(Scraped caption text data)
____
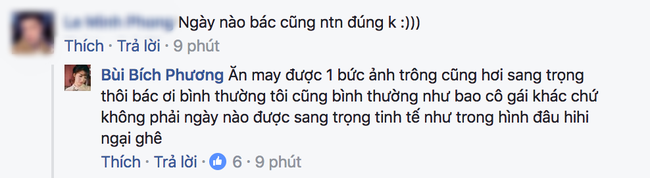 Tưng tửng thôi chưa đủ, Bích Phương còn cực nhây và lầy khi đối đáp trên mạng! - Ảnh 3.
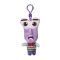 Disney Classics Fear Disney Inside Out 3D plišana figura s kukom, ukras za torbu 12 cm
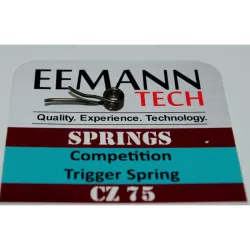 Sprężyny do pistoletów CZ 75 oraz CZ SHADOW 2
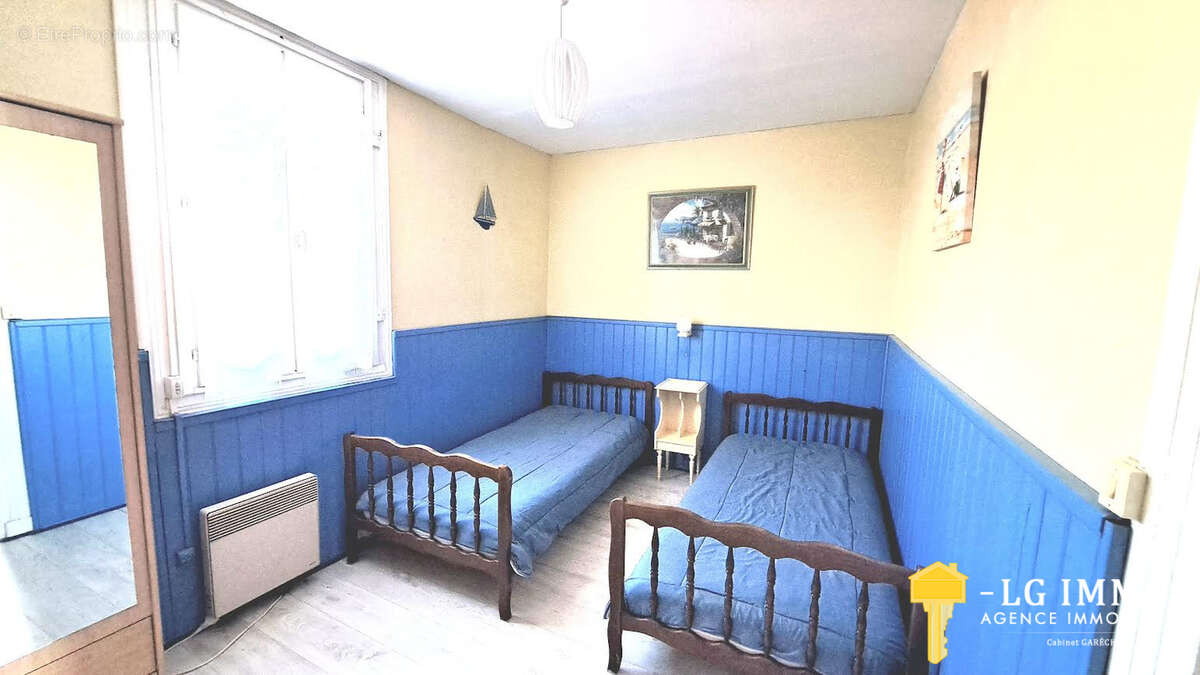 Appartement à SAINT-GEORGES-DE-DIDONNE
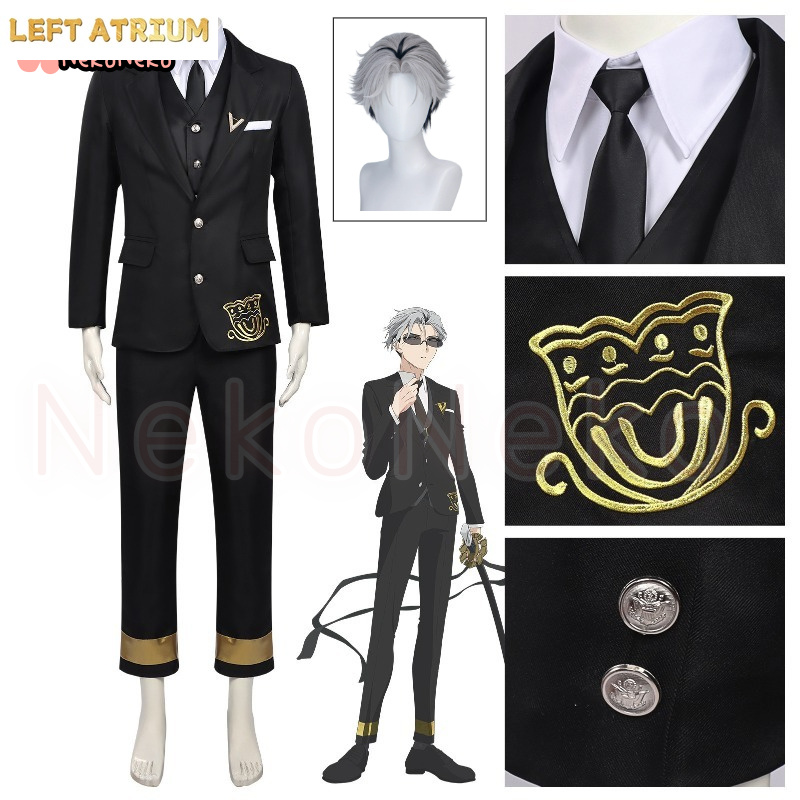 Anime Cosplay Dress For Men - Anime Agenti delle Quattro Stagioni: Danza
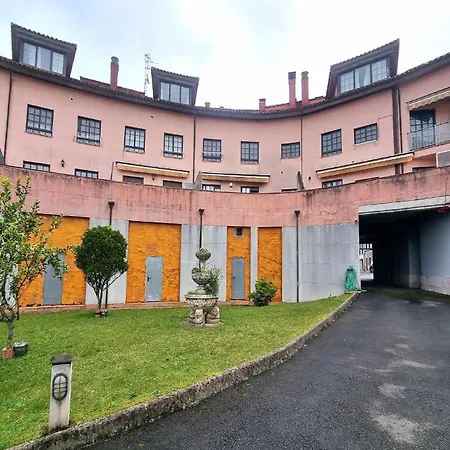 Apartmán Saavedra *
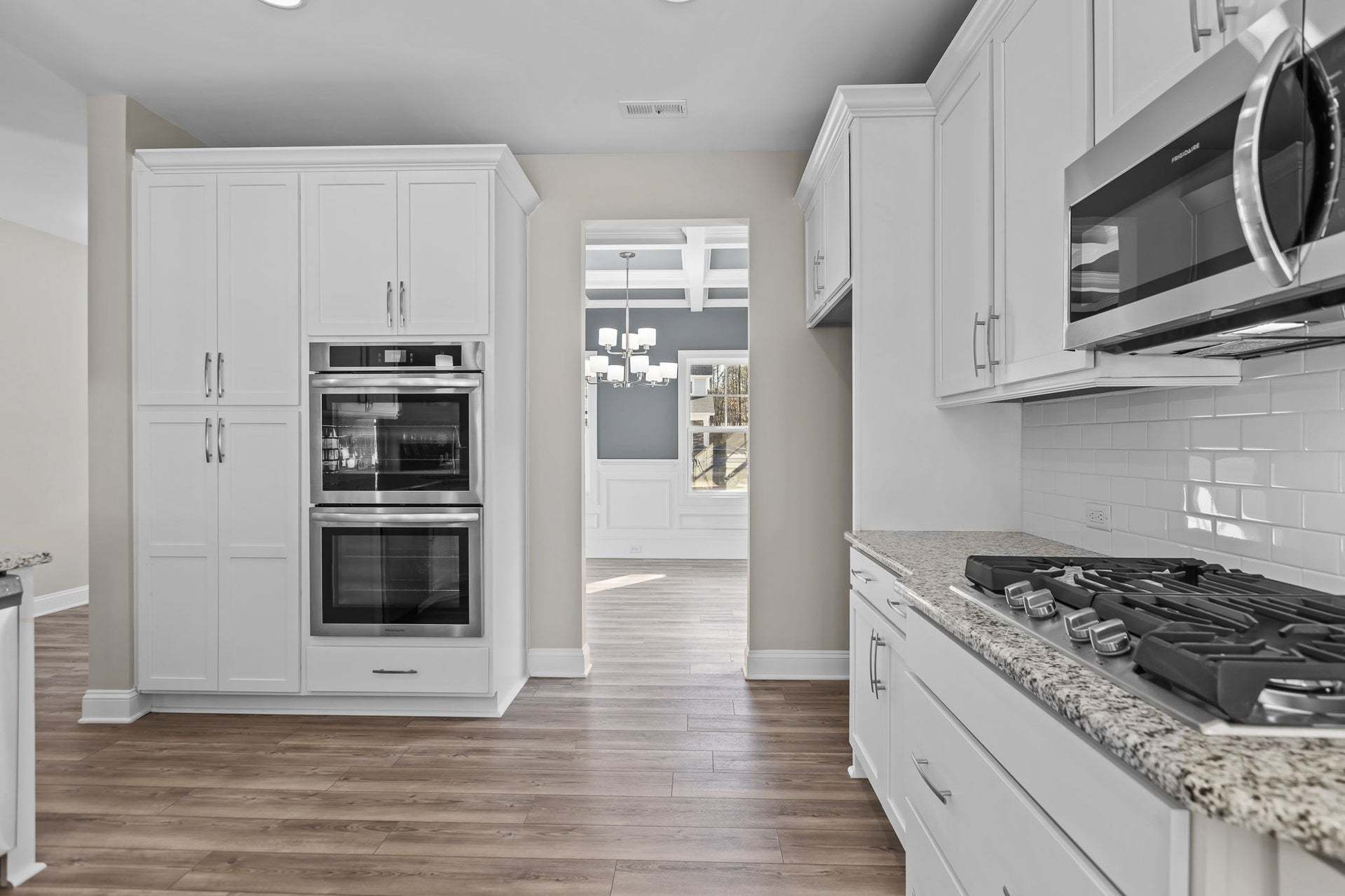 Gourmet Kitchen Option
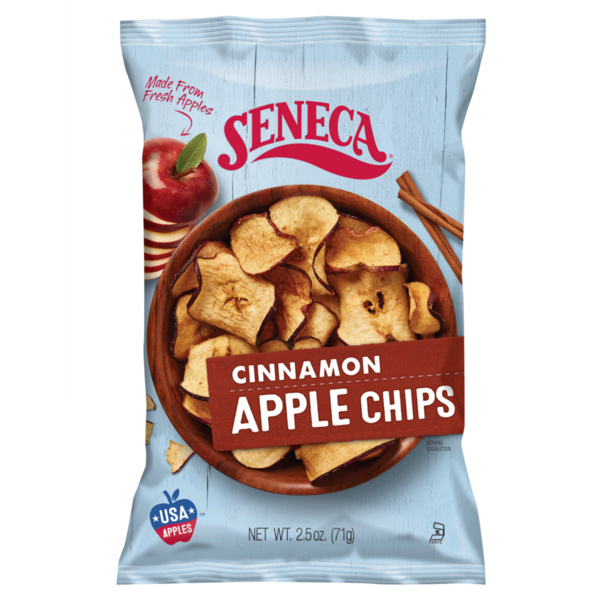 Seneca Cinnamon Apple Chips 2.5oz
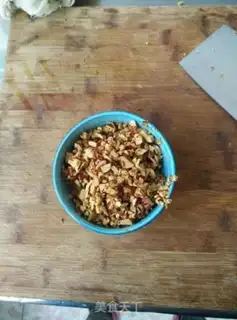 Make Red dates step 2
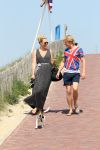 Zandvoort 24 mei 2012
Thomas Berge betrapt met zijn nieuwe vriendin Hollywood vrouw Myrthe Mylius
op het strand van Zandvoort.
Peter Smulders bv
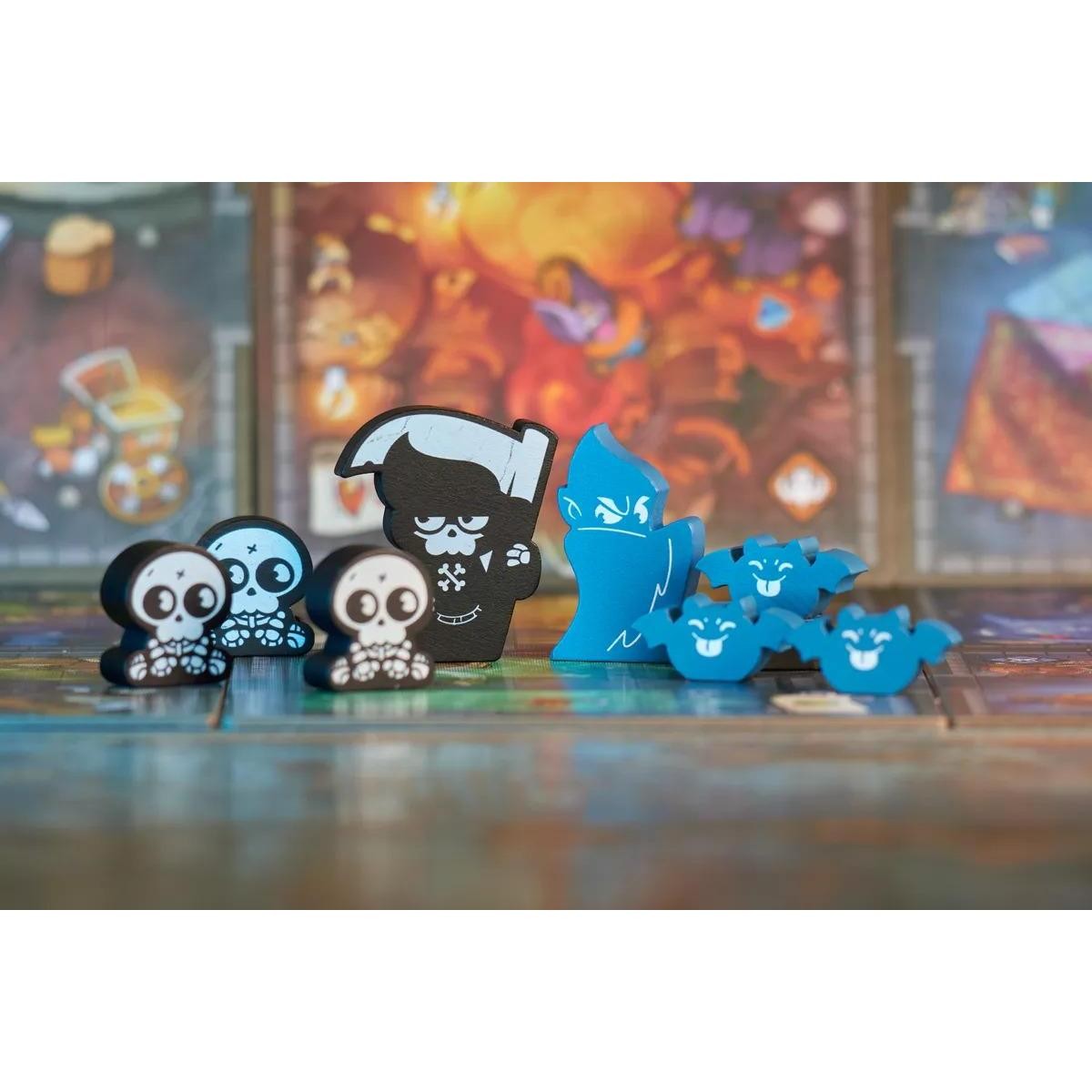 Keep The Heroes Out: Boss Battles (Español) - Imagen 2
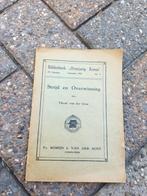 Strijd en overwinning Theod. V d Groe 1949 ., Gelezen, Theod. V d Groe, Christendom | Protestants, Ophalen of Verzenden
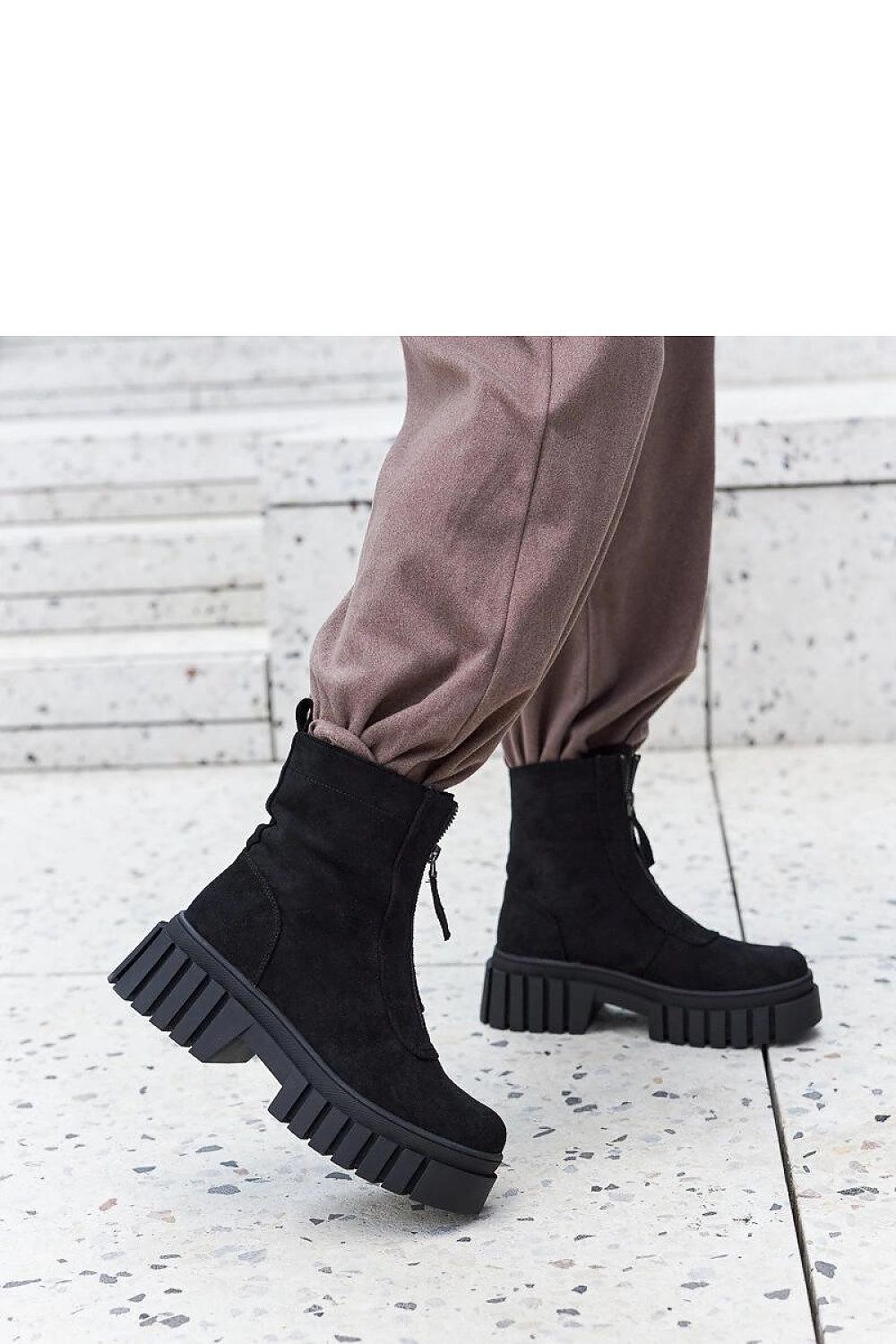  Botine model 204615 Solea 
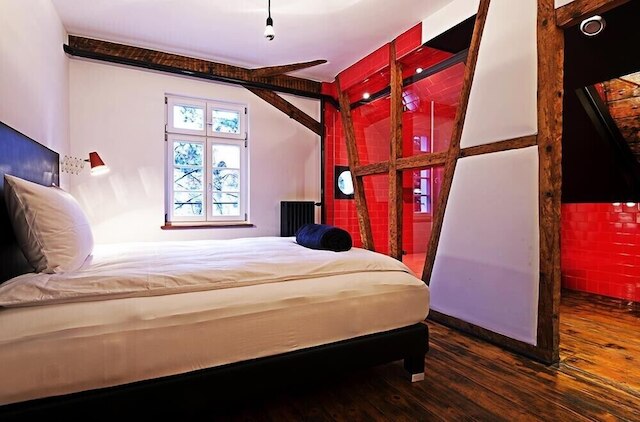 ハウス ツァウバーフレーテ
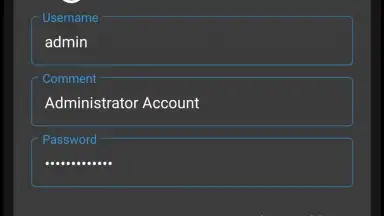 SMB Server (Samba) screenshot 2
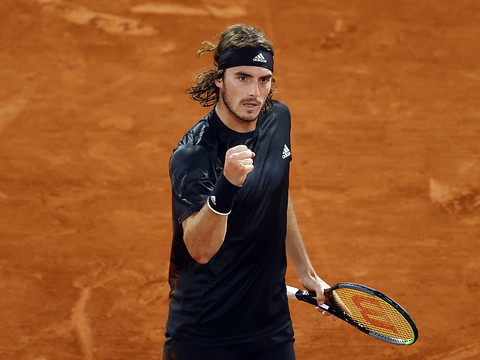 Tsitsipas-Rublev en quart de finale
____
Problem to solve: Write out, word for word, the line containing "Zandvoort 24 mei 2012" and each line after it to the end of the data, and nothing more. Drop the pictures.

Response below:
 Zandvoort 24 mei 2012
Thomas Berge betrapt met zijn nieuwe vriendin Hollywood vrouw Myrthe Mylius
op het strand van Zandvoort.
Peter Smulders bv
 Keep The Heroes Out: Boss Battles (Español) - Imagen 2
 Strijd en overwinning Theod. V d Groe 1949 ., Gelezen, Theod. V d Groe, Christendom | Protestants, Ophalen of Verzenden
  Botine model 204615 Solea 
 ハウス ツァウバーフレーテ
 SMB Server (Samba) screenshot 2
 Tsitsipas-Rublev en quart de finale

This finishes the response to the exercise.